Già dai primi trattamenti è possibile usufruire dei vantaggi sperati; ossia una maggiore elasticità della pelle, la tonificazione cutanea e soprattutto il tanto sospirato dimagrimento dell’area interessata. Un corretto utilizzo dei fanghi d’alga prevede una seduta di una quarantina di minuti durante la quale il prodotto verrà spalmato sulle zone affette da cellulite e lasciato riposare. Alla fine del tempo prestabilito si procederà alla rimozione dei fanghi d’alga mediante un rapido risciacquo, o meglio ancora, una doccia preferibilmente con acqua tiepida.

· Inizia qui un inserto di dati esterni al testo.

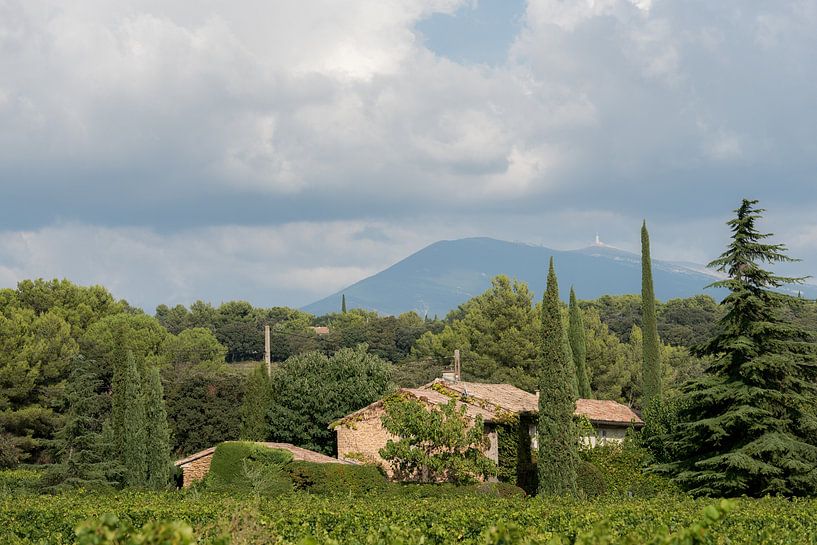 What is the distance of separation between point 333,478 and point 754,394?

La posologia del trattamento prevede un inizio a tempi ristretti ossia un’applicazione per tre giorni di seguito durante la prima settimana di cura. Le successive due settimane invece vedranno la diminuzione del trattamento a sole due volte settimanali. La quarta settimana poi sarà sufficiente mettere in atto il procedimento un’unica volta. In alcuni casi poi per aumentare la resa dei fanghi d’alga si potrà, se la stagione lo consente, esporre la parte trattata al sole oppure avvolgerla in uno strato di pellicola trasparente da cucina e, per chi lo ritenesse necessario, in aggiunta sottoporre la zona interessata all’irradiamento di calore magari con l’aiuto di un normale asciugacapelli.

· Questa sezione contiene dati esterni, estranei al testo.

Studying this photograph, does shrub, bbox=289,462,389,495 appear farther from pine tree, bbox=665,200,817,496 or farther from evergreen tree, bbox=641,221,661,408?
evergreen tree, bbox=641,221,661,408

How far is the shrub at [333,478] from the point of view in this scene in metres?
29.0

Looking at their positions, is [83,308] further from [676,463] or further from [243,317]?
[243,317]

In ogni caso, data la soggettività delle reazioni possibili e la diversità delle condizioni di partenza è sempre bene accertarsi della possibilità o meno di compiere i suddetti procedimenti. Per trarre benefici duraturi è bene interrompere il ciclo delle applicazioni dopo un mese e ripeterlo dopo qualche tempo. Qualora però la pelle reagisse male ai fanghi d’alga (arrossamenti, screpolature, ecc) è consigliabile sospenderne da subito l’applicazione e rivolgersi a personale medico specializzato.